_YOUR OBJECTIVE_
Without changing anything, output the records below.

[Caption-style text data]
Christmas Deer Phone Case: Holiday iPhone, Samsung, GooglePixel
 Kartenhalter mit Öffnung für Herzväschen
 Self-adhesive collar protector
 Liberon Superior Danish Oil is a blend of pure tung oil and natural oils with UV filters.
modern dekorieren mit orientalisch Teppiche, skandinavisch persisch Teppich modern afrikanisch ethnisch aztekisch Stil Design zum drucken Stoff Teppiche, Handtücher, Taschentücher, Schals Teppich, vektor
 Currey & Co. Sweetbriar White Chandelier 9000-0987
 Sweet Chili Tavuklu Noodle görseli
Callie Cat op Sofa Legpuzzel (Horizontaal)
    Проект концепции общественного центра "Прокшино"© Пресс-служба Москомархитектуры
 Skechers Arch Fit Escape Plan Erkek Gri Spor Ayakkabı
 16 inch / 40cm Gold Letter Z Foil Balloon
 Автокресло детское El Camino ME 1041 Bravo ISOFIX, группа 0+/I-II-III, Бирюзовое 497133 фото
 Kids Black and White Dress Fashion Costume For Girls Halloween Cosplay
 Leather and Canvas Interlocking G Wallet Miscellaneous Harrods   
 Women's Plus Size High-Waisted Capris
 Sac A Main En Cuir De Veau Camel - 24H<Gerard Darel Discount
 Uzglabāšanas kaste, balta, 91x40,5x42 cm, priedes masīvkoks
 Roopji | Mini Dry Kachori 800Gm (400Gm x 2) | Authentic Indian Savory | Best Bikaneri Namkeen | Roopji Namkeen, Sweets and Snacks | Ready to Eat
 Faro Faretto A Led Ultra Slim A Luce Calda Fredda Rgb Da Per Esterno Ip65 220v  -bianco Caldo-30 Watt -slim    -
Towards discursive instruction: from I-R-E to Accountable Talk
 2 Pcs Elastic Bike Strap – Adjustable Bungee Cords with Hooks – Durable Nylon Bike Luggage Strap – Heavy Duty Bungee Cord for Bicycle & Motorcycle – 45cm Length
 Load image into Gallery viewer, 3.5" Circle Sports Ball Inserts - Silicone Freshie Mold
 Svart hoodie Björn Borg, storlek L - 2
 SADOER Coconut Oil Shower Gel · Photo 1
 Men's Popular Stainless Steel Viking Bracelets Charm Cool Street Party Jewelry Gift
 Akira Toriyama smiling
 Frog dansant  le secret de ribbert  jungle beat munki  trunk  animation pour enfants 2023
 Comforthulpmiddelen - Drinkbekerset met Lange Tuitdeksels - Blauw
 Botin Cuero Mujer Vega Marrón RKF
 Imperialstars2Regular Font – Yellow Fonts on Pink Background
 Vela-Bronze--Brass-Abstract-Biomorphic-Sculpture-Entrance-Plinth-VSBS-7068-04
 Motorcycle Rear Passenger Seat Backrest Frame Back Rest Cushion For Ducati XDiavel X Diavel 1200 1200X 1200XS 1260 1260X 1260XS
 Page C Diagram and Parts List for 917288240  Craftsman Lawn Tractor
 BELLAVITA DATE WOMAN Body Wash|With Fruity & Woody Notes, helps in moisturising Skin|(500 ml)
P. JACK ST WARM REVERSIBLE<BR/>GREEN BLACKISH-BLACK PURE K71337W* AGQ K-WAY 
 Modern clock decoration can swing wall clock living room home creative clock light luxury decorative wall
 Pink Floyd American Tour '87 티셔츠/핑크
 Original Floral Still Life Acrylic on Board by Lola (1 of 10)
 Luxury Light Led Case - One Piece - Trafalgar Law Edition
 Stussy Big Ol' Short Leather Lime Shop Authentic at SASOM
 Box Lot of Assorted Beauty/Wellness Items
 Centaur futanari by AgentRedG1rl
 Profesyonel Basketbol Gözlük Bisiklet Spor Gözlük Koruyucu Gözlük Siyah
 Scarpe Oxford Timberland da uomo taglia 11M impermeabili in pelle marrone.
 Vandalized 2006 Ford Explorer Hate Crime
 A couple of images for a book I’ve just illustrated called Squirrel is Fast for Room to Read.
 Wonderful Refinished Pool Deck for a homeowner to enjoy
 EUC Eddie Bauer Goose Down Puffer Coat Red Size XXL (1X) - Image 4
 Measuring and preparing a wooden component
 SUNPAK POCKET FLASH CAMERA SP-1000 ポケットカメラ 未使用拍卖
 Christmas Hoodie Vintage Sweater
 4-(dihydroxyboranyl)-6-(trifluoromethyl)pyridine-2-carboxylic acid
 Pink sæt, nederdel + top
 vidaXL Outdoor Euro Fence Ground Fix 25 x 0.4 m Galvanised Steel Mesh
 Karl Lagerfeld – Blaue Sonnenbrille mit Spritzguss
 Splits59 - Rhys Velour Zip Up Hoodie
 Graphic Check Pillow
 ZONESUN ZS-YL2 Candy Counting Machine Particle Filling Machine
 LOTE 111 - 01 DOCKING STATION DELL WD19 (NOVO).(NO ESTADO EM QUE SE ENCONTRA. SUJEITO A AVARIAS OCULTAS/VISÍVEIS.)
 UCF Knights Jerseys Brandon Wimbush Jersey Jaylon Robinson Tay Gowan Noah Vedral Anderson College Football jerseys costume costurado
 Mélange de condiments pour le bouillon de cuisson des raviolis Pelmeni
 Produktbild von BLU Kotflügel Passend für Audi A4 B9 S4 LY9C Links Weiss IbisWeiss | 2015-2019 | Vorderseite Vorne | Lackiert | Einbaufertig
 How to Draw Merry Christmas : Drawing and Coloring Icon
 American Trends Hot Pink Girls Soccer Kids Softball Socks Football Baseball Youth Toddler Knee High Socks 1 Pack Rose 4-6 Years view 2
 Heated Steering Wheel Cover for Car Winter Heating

_RESPONSE FOR THIS EXERCISE_
Christmas Deer Phone Case: Holiday iPhone, Samsung, GooglePixel
 Kartenhalter mit Öffnung für Herzväschen
 Self-adhesive collar protector
 Liberon Superior Danish Oil is a blend of pure tung oil and natural oils with UV filters.
modern dekorieren mit orientalisch Teppiche, skandinavisch persisch Teppich modern afrikanisch ethnisch aztekisch Stil Design zum drucken Stoff Teppiche, Handtücher, Taschentücher, Schals Teppich, vektor
 Currey & Co. Sweetbriar White Chandelier 9000-0987
 Sweet Chili Tavuklu Noodle görseli
Callie Cat op Sofa Legpuzzel (Horizontaal)
    Проект концепции общественного центра "Прокшино"© Пресс-служба Москомархитектуры
 Skechers Arch Fit Escape Plan Erkek Gri Spor Ayakkabı
 16 inch / 40cm Gold Letter Z Foil Balloon
 Автокресло детское El Camino ME 1041 Bravo ISOFIX, группа 0+/I-II-III, Бирюзовое 497133 фото
 Kids Black and White Dress Fashion Costume For Girls Halloween Cosplay
 Leather and Canvas Interlocking G Wallet Miscellaneous Harrods   
 Women's Plus Size High-Waisted Capris
 Sac A Main En Cuir De Veau Camel - 24H<Gerard Darel Discount
 Uzglabāšanas kaste, balta, 91x40,5x42 cm, priedes masīvkoks
 Roopji | Mini Dry Kachori 800Gm (400Gm x 2) | Authentic Indian Savory | Best Bikaneri Namkeen | Roopji Namkeen, Sweets and Snacks | Ready to Eat
 Faro Faretto A Led Ultra Slim A Luce Calda Fredda Rgb Da Per Esterno Ip65 220v  -bianco Caldo-30 Watt -slim    -
Towards discursive instruction: from I-R-E to Accountable Talk
 2 Pcs Elastic Bike Strap – Adjustable Bungee Cords with Hooks – Durable Nylon Bike Luggage Strap – Heavy Duty Bungee Cord for Bicycle & Motorcycle – 45cm Length
 Load image into Gallery viewer, 3.5" Circle Sports Ball Inserts - Silicone Freshie Mold
 Svart hoodie Björn Borg, storlek L - 2
 SADOER Coconut Oil Shower Gel · Photo 1
 Men's Popular Stainless Steel Viking Bracelets Charm Cool Street Party Jewelry Gift
 Akira Toriyama smiling
 Frog dansant  le secret de ribbert  jungle beat munki  trunk  animation pour enfants 2023
 Comforthulpmiddelen - Drinkbekerset met Lange Tuitdeksels - Blauw
 Botin Cuero Mujer Vega Marrón RKF
 Imperialstars2Regular Font – Yellow Fonts on Pink Background
 Vela-Bronze--Brass-Abstract-Biomorphic-Sculpture-Entrance-Plinth-VSBS-7068-04
 Motorcycle Rear Passenger Seat Backrest Frame Back Rest Cushion For Ducati XDiavel X Diavel 1200 1200X 1200XS 1260 1260X 1260XS
 Page C Diagram and Parts List for 917288240  Craftsman Lawn Tractor
 BELLAVITA DATE WOMAN Body Wash|With Fruity & Woody Notes, helps in moisturising Skin|(500 ml)
P. JACK ST WARM REVERSIBLE<BR/>GREEN BLACKISH-BLACK PURE K71337W* AGQ K-WAY 
 Modern clock decoration can swing wall clock living room home creative clock light luxury decorative wall
 Pink Floyd American Tour '87 티셔츠/핑크
 Original Floral Still Life Acrylic on Board by Lola (1 of 10)
 Luxury Light Led Case - One Piece - Trafalgar Law Edition
 Stussy Big Ol' Short Leather Lime Shop Authentic at SASOM
 Box Lot of Assorted Beauty/Wellness Items
 Centaur futanari by AgentRedG1rl
 Profesyonel Basketbol Gözlük Bisiklet Spor Gözlük Koruyucu Gözlük Siyah
 Scarpe Oxford Timberland da uomo taglia 11M impermeabili in pelle marrone.
 Vandalized 2006 Ford Explorer Hate Crime
 A couple of images for a book I’ve just illustrated called Squirrel is Fast for Room to Read.
 Wonderful Refinished Pool Deck for a homeowner to enjoy
 EUC Eddie Bauer Goose Down Puffer Coat Red Size XXL (1X) - Image 4
 Measuring and preparing a wooden component
 SUNPAK POCKET FLASH CAMERA SP-1000 ポケットカメラ 未使用拍卖
 Christmas Hoodie Vintage Sweater
 4-(dihydroxyboranyl)-6-(trifluoromethyl)pyridine-2-carboxylic acid
 Pink sæt, nederdel + top
 vidaXL Outdoor Euro Fence Ground Fix 25 x 0.4 m Galvanised Steel Mesh
 Karl Lagerfeld – Blaue Sonnenbrille mit Spritzguss
 Splits59 - Rhys Velour Zip Up Hoodie
 Graphic Check Pillow
 ZONESUN ZS-YL2 Candy Counting Machine Particle Filling Machine
 LOTE 111 - 01 DOCKING STATION DELL WD19 (NOVO).(NO ESTADO EM QUE SE ENCONTRA. SUJEITO A AVARIAS OCULTAS/VISÍVEIS.)
 UCF Knights Jerseys Brandon Wimbush Jersey Jaylon Robinson Tay Gowan Noah Vedral Anderson College Football jerseys costume costurado
 Mélange de condiments pour le bouillon de cuisson des raviolis Pelmeni
 Produktbild von BLU Kotflügel Passend für Audi A4 B9 S4 LY9C Links Weiss IbisWeiss | 2015-2019 | Vorderseite Vorne | Lackiert | Einbaufertig
 How to Draw Merry Christmas : Drawing and Coloring Icon
 American Trends Hot Pink Girls Soccer Kids Softball Socks Football Baseball Youth Toddler Knee High Socks 1 Pack Rose 4-6 Years view 2
 Heated Steering Wheel Cover for Car Winter Heating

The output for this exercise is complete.